The specification for the jvmtiMonitorUsage structures is defined as follows:

 jvmtiMonitorUsage - Object monitor usage information
 Field Type Description
owner jthread The thread owning this monitor, or NULL if unused
entry_count jint The number of times the owning thread has entered the monitor
waiter_count jint The number of threads waiting to own this monitor
waiters jthread* The waiter_count waiting threads
notify_waiter_count jint The number of threads waiting to be notified by this monitor
notify_waiters jthread* The notify_waiter_count threads waiting to be notified

Looking at:
- waiter_count: The number of threads waiting to own this monitor
- notify_waiter_count: The number of threads waiting to be notified by this monitor

a reasonable developer would reasonably expect that these mean exactly what they state, in particular that "waiter_count" is the number of threads currently blocked acquiring the monitor in question. While "notify_waiter_count" would be the number of threads that have called Object.wait() on this monitor and which are still in the wait-set awaiting notification. However, due to what seems to be a historical misunderstanding that is not the case.
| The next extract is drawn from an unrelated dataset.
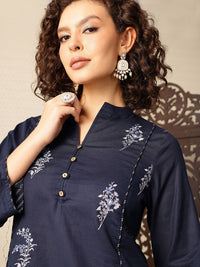 House of Pataudi Floral Embroidered Pure Cotton Kurti with Trousers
The "waiter count" (and thus "waiters") is the number of threads blocked entering the monitor plus the number of threads in the wait-set:

    nWant = mon->contentions(); // # of threads contending for monitor
    nWait = mon->waiters(); // # of threads in Object.wait()
    ret.waiter_count = nWant + nWait;
    ret.notify_waiter_count = nWait;

ref: jvmtiEnvBase.cpp - JvmtiEnvBase::get_object_monitor_usage

The historical misunderstanding can be seen in the commentary of JDK-4546581.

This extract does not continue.